I cannot tell you exactly how Hays and Sandburg may have worked together, but Hays certainly knew of American Songbag, which had become a classic, and Sandburg has written that folklorist Alan Lomax took Sandburg to see the Weavers in Greenwich Village, after which Sandburg wrote: “The Weavers are out of the grass roots of America. I salute them…. When I hear America singing, the Weavers are there.”
Although “Colorado Trail” was not a well known folk song, it was recorded in the 1940s by Burl Ives (whose rendition can be heard here) and others. The Weavers recorded it during their sessions with Decca Records between 1949 and 1952. These recordings, as well as others, have added material to that collected in Sandburg’s book. It seems that the added verses sung by the Weavers are those attributed to Hays. You can hear the Weavers version, with Hays handling lead vocals and Pete Seeger playing recorder (rather than his usual banjo) on YouTube by clicking here.

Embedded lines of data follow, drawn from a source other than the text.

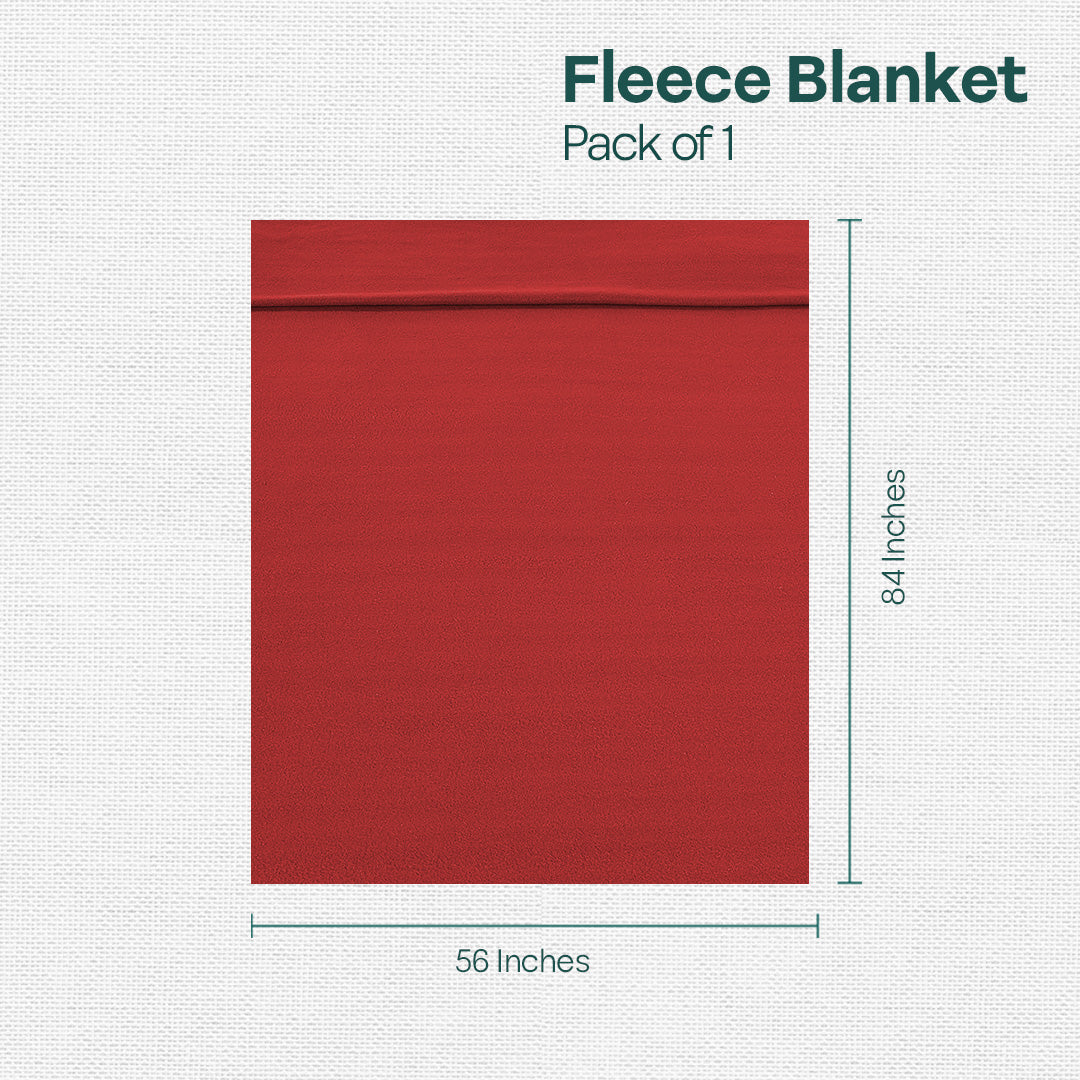 Red Realm! Polar Fleece Blanket Single Bed 400 GSM, Pack of 1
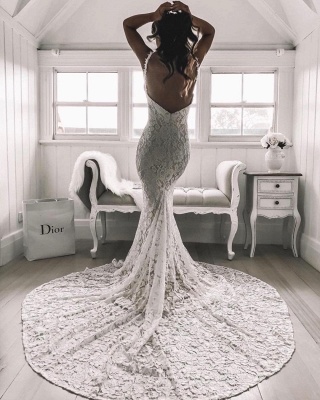 Sexy Lace Mermaid Wedding Dresses | Spaghetti Straps Open Back Long Bridal Gowns_3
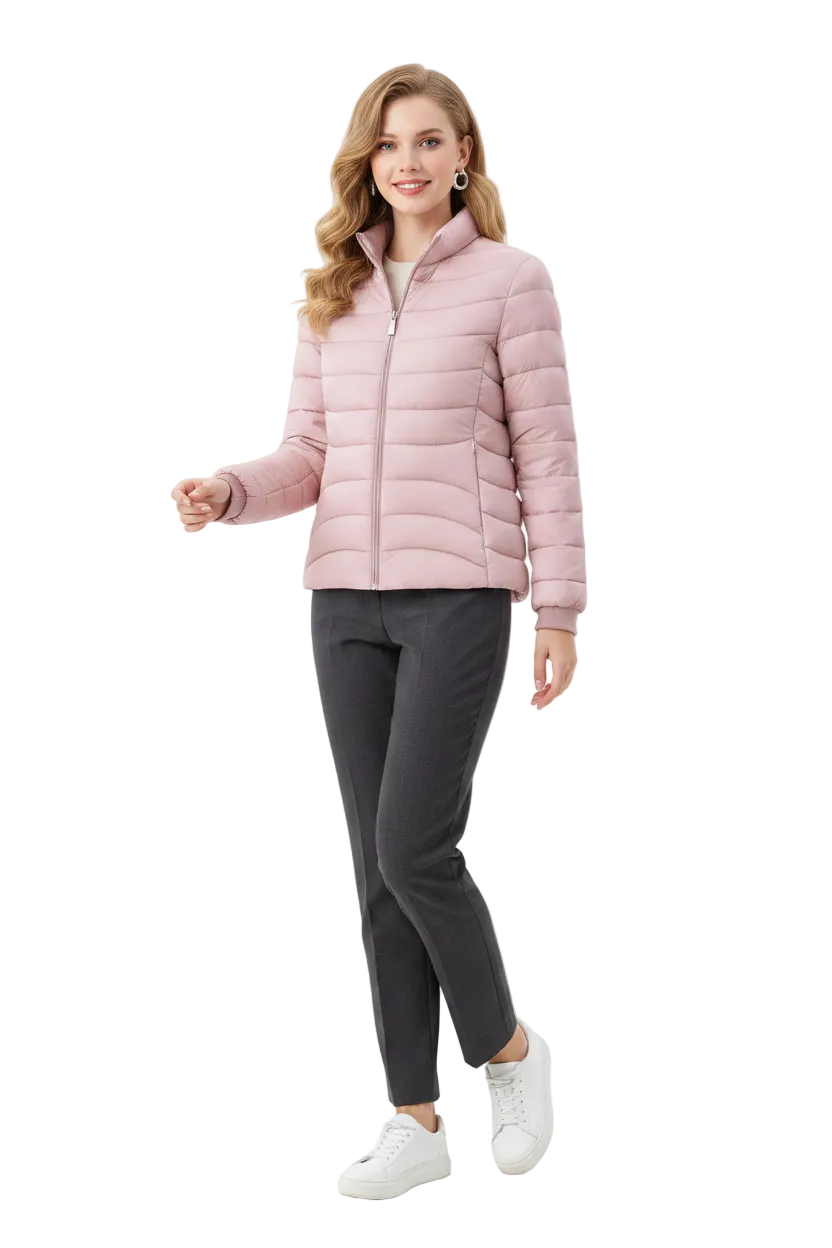 A woman modeling a light pink puffer jacket, dark gray pants, and white sneakers against a plain white studio background.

The most commercially successful – and one of the nicest – version of the song was done by the Kingston Trio in 1960. Here is that recording:
By Carl Sandburg and Lee Hays
Weep, all ye little rains. Wail, winds, wail. All along, along, along the Colorado Trail.
Eyes like the morning star, cheeks like the rose, Laura was a pretty girl everybody knows.
Laura was a laughin’ girl, joyful in the day. Laura was my darling girl. Now she’s gone away.
Sixteen years she graced the Earth and all of life was good. Now my life lies buried ‘neath a cross of wood.
All along, along, along the Colorado Trail.